Happy Easter, everyone. Easter hasn't been on April 1st since 1956. 1956 was also the year the Easter Bunny finally died though he'd been retired since 1948. There were still a few photos taken now and then for a magazine but he didn't make any public appearances anymore. Even by the 40s he wasn't the crowd pleaser he was in the late 20s and early 30s but in his heyday he was quite the charmer.
Fan magazines weren't consistent about his place of birth, usually Wyoming or Kansas, I think, on some farm with rosy cheeked Norman Rockwell farmers. I saw a show in the 80s hosted by Orson Welles that put his real birthplace in Arizona under far sketchier circumstances but I don't know how much those old supernatural mystery specials from the 80s should be relied on. He certainly was no natural rabbit and I don't think anyone really believes a normal bunny gave birth to him. I saw an interview with Joel McCrea from 1961 who did a photo with the bunny in 1938 and he mentioned a bad smell. He didn't mind it so much, he said, it's not really a surprise from an animal that size but the publicists and studio people seemed to have less patience for it.

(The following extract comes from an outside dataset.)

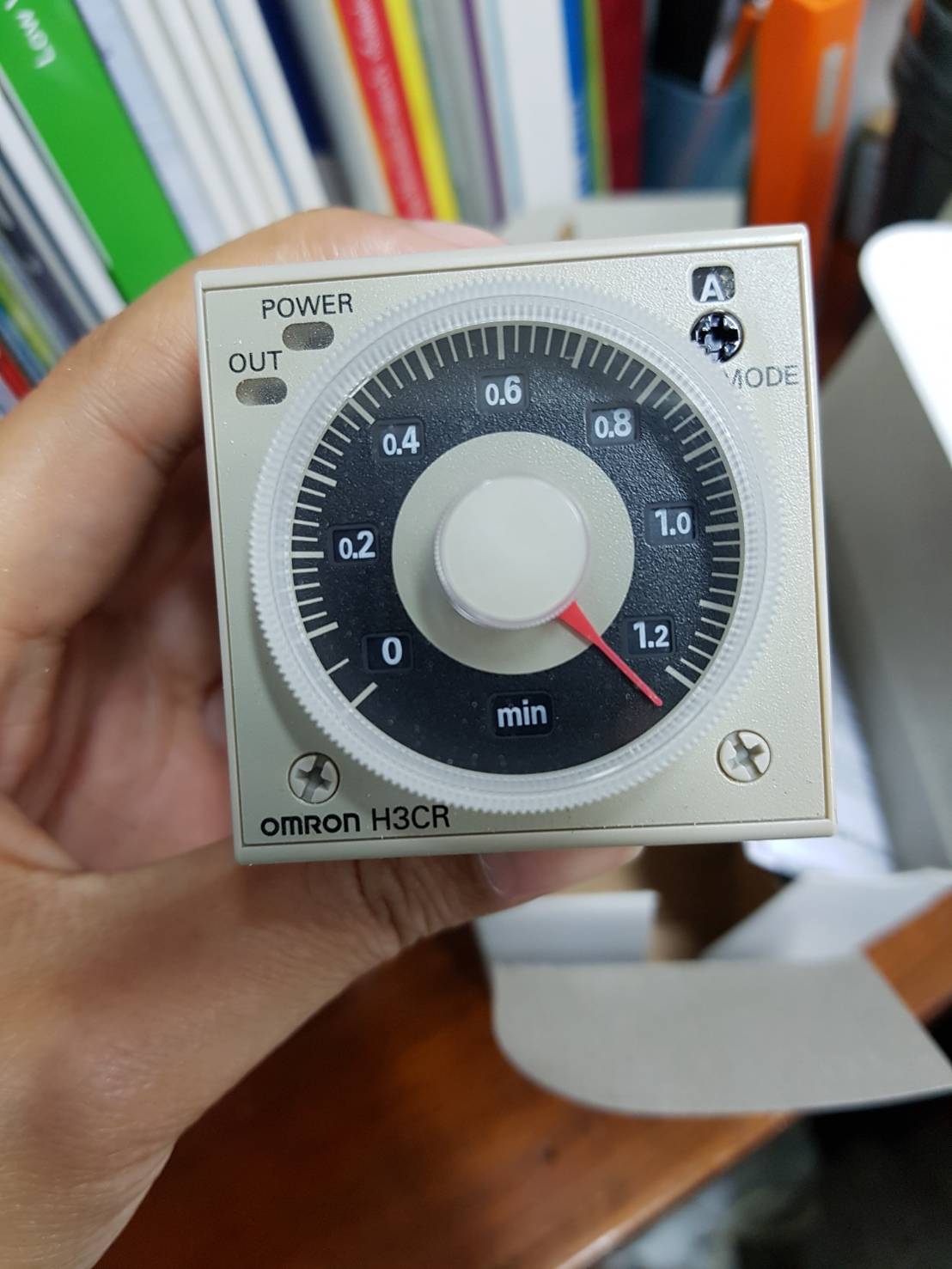 TIMER ไทม์เมอร์ OMRON H3CR-A8 24VDC/VAC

The Easter Bunny was really strong, I heard they had him crushing cocoanuts for an "Easter in Hawaii" pin-up calendar, but he was really docile. He never tried to escape and seemed content to be led around but no-one liked to stare into those big black eyes too long. There's a clip where a model posing with him kind of jokes about wondering what he's thinking and she has this nervous laugh like she's really afraid to know. But the thing just sat there. They never let him pose with kids, probably because the smell would've broken the spell. The smell was something like rotten vegetables and brine and his fur, which looked smooth enough in photos, was coarse and patchy. It looked like segments sewn together for a costume but it was clearly living flesh.
In the early days, though, everyone seemed tickled by the novelty of the thing. Maybe it was related to the heedless exuberance of the 20s before the Depression but none of qualities people talked about later seemed to bother the people who worked with him in those days. But the smell didn't bother McCrea either--personally, I think as time went on the people around the bunny just weren't the sort who were used to working with animals.
Well, he may be gone but he did leave a really big egg. So we'll always have that. I saw it once when I was a kid and it came to the Natural History Museum here in San Diego. I didn't really appreciate it at the time, it just looked like a big black lump, some kind of ore. I wonder where it is now.
Twitter Sonnet #1099
From painted walls the paper steps away.
A wind invests the bannister with stairs.
The carpet stretched to fit a clock's delay.
A local lodge admits the wild hares.
A pair of eggs replied in purple spots.
The rabbit tongue replaced his foot to walk.
The eaten grass collects and quickly clots.
Through candy mower blades the spirits talk.
The shadow of the rabbit burned the duck.
In fires scratching clouds the time revolved.
A ghastly foot contains the rabbit's luck.
And not a peep escaped when spring dissolved.
A banner made of felted fur ascends.
The giant magnet egg at last descends.